NORMAN — Q: Our daughter and son-in-law have consented to be the guardians of our first grandchild, due in a few months. In preparation for this momentous event, we want to understand what our boundaries are.
They will be living fairly close and we anticipate seeing them fairly often. When should we give advice and when should we not give advice? If we see them handling something wrongly, should we mention it to them? If they disagree with something we do, should we change our ways? Thanks for helping us out with this.
A: Your first sentence summed up exactly how my wife and I saw the role of our children in our grandchildren’s lives. The young ones were our grandchildren first, their children second. In effect, they acted “in loco grandparentis.” But in all seriousness, you obviously have a good sense of humor, which you will sometimes need, let me assure you.
As you are well aware, parenting is to great degree a trial-and-error process, and some parents make more errors along the way, and some children make for more parental error.

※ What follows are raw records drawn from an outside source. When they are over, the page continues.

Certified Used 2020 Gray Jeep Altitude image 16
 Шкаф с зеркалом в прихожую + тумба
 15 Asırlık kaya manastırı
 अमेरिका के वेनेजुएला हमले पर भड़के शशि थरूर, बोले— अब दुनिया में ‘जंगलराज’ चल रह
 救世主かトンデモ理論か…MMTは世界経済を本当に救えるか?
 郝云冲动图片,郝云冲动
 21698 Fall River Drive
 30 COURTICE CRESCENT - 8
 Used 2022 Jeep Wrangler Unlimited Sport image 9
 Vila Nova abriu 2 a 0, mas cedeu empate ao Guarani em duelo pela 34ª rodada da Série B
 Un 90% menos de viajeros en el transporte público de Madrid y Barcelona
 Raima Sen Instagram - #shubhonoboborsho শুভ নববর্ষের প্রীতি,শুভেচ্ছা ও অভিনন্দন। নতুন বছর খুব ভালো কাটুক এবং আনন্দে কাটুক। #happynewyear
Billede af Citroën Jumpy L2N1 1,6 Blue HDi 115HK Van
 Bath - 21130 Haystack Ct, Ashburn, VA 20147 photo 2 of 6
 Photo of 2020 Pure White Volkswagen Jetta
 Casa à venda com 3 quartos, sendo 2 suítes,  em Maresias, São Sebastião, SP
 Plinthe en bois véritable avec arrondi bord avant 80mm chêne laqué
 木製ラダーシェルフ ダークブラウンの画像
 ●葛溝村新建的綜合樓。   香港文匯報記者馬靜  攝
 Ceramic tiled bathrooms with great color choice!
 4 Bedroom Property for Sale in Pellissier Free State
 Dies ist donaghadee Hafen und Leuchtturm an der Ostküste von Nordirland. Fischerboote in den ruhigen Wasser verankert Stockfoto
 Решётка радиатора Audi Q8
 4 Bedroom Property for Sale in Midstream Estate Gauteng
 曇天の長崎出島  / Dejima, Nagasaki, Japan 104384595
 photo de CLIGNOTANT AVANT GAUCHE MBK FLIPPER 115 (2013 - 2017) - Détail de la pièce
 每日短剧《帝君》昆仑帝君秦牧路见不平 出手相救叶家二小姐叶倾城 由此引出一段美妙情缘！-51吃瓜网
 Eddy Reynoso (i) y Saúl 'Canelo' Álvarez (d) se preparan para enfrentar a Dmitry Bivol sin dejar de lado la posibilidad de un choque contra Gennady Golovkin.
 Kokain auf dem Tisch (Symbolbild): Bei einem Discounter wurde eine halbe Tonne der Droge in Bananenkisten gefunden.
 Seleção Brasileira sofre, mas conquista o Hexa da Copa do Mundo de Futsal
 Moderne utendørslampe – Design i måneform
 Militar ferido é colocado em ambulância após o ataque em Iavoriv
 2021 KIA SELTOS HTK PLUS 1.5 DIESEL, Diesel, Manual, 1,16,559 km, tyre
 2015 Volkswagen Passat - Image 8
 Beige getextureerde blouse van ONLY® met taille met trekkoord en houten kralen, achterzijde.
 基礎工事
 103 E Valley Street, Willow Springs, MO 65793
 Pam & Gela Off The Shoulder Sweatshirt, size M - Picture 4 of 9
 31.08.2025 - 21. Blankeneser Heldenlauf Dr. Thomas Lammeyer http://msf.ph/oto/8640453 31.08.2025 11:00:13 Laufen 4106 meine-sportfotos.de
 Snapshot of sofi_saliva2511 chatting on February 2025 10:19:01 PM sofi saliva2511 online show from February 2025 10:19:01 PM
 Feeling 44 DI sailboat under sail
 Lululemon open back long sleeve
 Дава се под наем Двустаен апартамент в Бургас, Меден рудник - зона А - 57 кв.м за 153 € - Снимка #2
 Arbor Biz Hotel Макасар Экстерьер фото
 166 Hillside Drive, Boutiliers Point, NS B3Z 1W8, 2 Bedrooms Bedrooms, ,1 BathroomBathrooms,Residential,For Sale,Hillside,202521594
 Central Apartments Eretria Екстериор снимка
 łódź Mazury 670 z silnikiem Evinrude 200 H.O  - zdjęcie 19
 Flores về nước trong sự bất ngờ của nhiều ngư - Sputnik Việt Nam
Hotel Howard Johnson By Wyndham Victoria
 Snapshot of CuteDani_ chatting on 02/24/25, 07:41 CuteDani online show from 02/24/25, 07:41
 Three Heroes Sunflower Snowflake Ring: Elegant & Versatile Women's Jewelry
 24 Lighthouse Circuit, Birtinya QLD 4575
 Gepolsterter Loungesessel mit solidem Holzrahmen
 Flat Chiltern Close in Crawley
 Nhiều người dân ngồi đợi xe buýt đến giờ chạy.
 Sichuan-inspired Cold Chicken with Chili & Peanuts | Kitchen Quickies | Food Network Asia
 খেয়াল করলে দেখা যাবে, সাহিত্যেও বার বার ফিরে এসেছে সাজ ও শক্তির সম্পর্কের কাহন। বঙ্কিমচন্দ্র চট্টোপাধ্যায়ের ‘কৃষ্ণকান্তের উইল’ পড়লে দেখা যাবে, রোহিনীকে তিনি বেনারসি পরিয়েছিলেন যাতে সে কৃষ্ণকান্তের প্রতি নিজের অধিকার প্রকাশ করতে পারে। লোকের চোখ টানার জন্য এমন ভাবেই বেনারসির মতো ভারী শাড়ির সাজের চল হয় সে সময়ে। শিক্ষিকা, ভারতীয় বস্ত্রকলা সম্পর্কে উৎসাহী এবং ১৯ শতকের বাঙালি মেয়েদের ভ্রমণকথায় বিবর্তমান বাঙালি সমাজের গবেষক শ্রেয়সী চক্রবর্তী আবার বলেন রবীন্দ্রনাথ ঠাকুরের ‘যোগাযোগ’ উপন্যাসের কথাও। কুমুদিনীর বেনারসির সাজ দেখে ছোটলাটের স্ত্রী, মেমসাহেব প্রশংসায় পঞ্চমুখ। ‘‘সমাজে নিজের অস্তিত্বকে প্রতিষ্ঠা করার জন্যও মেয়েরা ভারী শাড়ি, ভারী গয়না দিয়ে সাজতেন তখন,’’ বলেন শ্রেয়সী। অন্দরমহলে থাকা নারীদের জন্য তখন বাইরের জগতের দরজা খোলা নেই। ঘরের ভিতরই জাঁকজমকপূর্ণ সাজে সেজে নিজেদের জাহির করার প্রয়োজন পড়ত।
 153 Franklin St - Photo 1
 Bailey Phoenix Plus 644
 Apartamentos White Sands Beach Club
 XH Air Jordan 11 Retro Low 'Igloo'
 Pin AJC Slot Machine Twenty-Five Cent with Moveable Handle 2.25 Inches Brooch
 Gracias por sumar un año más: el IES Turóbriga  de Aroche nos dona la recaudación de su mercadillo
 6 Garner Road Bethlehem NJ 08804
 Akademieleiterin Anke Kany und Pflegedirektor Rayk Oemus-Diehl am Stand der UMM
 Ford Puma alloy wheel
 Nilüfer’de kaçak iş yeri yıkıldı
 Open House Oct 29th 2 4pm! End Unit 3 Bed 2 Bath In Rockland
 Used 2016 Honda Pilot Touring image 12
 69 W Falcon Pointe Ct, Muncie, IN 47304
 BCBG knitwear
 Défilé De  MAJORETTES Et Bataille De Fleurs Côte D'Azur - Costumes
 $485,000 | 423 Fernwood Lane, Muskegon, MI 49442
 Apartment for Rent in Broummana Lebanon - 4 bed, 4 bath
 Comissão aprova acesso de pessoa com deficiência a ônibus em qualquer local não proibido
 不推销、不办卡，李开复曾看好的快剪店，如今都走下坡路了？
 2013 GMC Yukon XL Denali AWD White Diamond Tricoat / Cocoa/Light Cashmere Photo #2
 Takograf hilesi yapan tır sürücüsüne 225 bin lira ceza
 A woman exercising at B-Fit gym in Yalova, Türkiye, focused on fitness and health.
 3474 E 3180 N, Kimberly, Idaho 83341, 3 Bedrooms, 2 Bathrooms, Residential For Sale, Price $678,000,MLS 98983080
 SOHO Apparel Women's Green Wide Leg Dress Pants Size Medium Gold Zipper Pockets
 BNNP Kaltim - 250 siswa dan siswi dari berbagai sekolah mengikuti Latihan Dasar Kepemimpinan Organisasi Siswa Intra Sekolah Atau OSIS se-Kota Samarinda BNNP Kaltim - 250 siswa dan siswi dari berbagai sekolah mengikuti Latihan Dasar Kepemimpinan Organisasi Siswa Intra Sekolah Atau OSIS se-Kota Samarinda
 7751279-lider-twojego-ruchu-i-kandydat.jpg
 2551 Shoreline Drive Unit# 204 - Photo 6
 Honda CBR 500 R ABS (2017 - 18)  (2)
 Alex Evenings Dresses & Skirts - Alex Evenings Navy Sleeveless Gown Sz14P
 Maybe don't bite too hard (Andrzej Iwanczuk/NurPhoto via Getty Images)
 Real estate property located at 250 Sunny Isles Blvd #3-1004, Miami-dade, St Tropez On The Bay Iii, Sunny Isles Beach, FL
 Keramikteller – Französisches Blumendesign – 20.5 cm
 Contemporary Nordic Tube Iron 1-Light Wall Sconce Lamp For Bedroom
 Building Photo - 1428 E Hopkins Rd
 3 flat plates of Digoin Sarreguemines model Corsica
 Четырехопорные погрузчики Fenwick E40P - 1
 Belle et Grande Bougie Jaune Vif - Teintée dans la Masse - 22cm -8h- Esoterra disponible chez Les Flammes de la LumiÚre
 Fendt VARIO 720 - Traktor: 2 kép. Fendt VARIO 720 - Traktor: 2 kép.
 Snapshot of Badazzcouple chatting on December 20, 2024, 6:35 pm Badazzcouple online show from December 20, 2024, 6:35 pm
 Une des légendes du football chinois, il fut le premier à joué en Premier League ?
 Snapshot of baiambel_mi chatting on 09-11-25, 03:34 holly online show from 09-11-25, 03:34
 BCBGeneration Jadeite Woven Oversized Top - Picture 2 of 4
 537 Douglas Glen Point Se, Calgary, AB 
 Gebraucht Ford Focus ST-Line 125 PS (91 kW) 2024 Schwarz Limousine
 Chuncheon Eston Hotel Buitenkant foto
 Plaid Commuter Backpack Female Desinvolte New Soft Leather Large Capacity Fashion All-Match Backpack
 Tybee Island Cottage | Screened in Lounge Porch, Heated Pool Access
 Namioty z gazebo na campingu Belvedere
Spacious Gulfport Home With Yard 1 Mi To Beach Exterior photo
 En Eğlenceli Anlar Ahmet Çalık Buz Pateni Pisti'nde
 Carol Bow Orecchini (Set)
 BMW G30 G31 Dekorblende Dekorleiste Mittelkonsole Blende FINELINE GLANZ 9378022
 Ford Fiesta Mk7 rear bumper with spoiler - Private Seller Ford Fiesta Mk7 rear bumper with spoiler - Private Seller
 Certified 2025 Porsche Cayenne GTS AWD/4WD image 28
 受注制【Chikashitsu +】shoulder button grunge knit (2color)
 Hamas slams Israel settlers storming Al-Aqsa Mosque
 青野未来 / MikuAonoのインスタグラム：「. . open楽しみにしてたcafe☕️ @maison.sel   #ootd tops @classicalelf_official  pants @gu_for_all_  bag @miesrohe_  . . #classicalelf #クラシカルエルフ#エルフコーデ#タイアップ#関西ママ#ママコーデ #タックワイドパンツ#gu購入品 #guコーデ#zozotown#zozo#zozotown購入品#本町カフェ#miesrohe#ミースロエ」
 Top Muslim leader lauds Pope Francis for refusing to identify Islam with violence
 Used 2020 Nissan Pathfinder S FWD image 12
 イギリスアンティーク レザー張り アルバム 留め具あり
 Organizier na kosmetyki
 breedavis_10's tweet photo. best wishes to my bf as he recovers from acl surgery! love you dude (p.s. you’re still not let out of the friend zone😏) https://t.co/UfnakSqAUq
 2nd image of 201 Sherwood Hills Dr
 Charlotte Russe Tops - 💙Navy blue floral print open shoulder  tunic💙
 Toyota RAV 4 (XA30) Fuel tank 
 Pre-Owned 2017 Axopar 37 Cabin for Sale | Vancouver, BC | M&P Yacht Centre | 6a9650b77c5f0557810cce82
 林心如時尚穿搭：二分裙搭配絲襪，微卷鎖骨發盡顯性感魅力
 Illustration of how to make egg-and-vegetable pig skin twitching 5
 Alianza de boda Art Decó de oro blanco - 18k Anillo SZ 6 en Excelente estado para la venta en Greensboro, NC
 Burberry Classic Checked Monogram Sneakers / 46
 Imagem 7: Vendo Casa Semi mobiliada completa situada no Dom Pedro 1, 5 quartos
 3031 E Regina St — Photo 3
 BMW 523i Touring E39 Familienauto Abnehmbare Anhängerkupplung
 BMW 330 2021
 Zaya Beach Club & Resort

It is difficult, therefore, for those of us who’ve gone through the struggle and emerged relatively unscathed to keep our mouths shut when we see young parents making mistakes we learned not to make (after making them). We so much want to help them not have to travel along that hard road. The problem is, they have to travel the same road to learn the same lessons.
The further problem is that the world of parenting has turned 180 degrees since you and I were young, first-time parents. For example, today’s parents believe paying children lots of attention is a right and proper thing. I need not remind you that there was a day when children were supposed to pay far more attention to their parents than their parents paid them.